After frequent consultations with his father, and with his full consent and approbation, my brother determined to go to the United States of America. Before his departure he went into Yorkshire, to visit his relatives at Thorner and elsewhere. About three weeks after, my father attended the Conference at Leeds, where he had the opportunity of one or two interviews with him.

On Wed. July 29, my father rode to Thorner, to see him for the last time before his embarkation, and as the event proved, for the very last time in this world. Although he felt some relief in the hope that in America, at a distance from the injurious connexions he had formed, and by whom he had been ruined, John might again become a respectable member of society; and, when a stranger in a distant land, remember his father's counsels, return to his father's God, and recover his forfeited peace; yet, when the parting hour came, it was almost too much for his shattered, enervated frame.

"At four o'clock, on Winn-Moor, near Thorner," he says, "I took leave of my poor John. It is certain I shall see him no more for years, perhaps never. I wept bitterly. Oh! my almost broken heart!
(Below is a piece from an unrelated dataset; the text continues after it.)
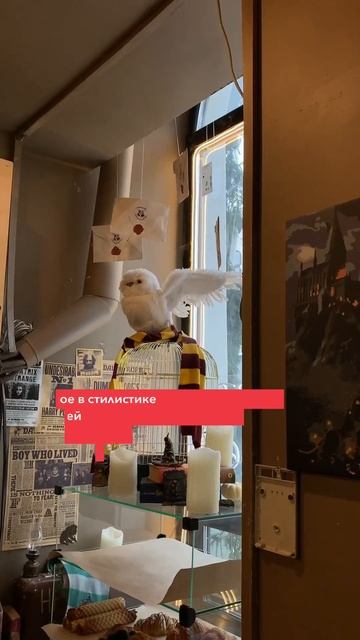 Кофейня в стиле Гарри Поттера смотреть онлайн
O Lord, support me. O enable me to cast all my care upon thee. A dark cloud seems still to hang over me. How mysterious are thy ways, O Lord; clouds and darkness are round about thee; but righteousness and judgment are the habitation of thy throne. May I trust in thee, and do good. And O my God, remember in thine infinite mercy my poor unhappy son. O save him, I beseech thee, from the world and sin. He seemed much melted

at parting. O Lord, after all, let me have comfort in

him."

CHAPTER XIV.

FROM THE CONFERENCE OF 1818 TO THAT OF 1820 THE SHEFFIELD CIRCUIT.
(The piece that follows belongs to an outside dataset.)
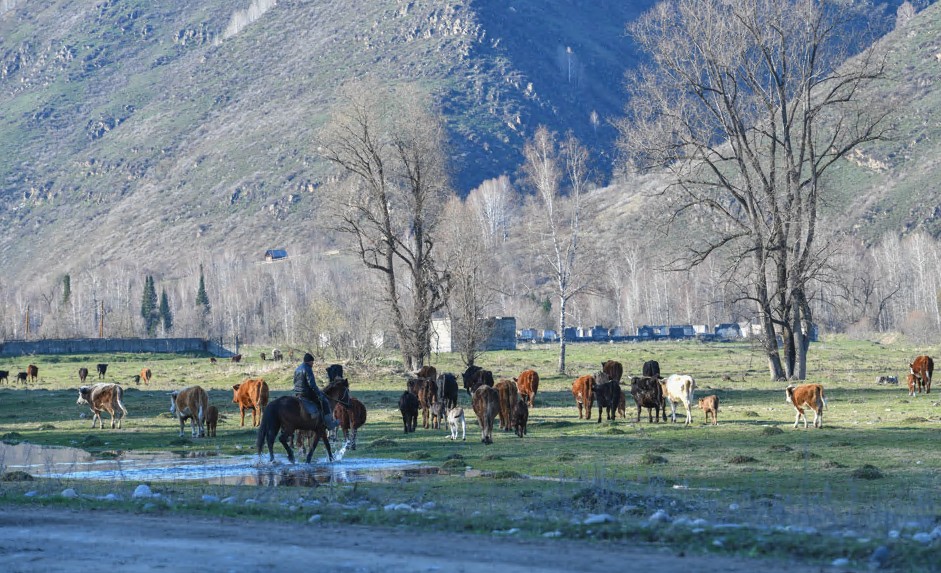 Мал ұрлығы тыйылмай тұр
It was gratifying to Mr. Entwisle's feelings that his old and intimate friend, the Rev. Jonathan Edmondson, was elected President this year: he had a high esteem for him, and considered him well deserving of that honour. His notices of the proceedings of this Conference were few and brief. On the 3rd of August he says,"Our Conference business goes on with much peace and brotherly love an excellent spirit prevails. Twenty-four preachers have died this year? How loudly does this call upon me to be always ready. I find my health and spirits are not what they were some years ago. Perhaps I am ten years older in my constitution, in consequence of the painful exercises of the last two years. Well, I am the Lord's. I am not concerned about the length or shortness of my life. My great concern is, that 'whether I live, I may live to the Lord; or whether I die, I may die to the Lord.""

"Thurs. 13.-Last night about half-past ten o'clock, our Conference concluded its deliberations. Mr. James Wood, Mr. Gaulter, the President, and myself prayed. It was a solemn time. My mind was deeply impressed with the idea of some of us being called hence before another Conference.

"This morning at three o'clock died of apoplexy, William Bramwell. Awful breach! It is about thirty years since I first became acquainted with Brother Bramwell, since which time an intimacy has been kept up between us. We have frequently laboured in neighbouring circuits; and we spent one year together in London. He gave himself' continually unto prayer and the ministry of the word;' and few men have been more devoted to God, or more useful than he.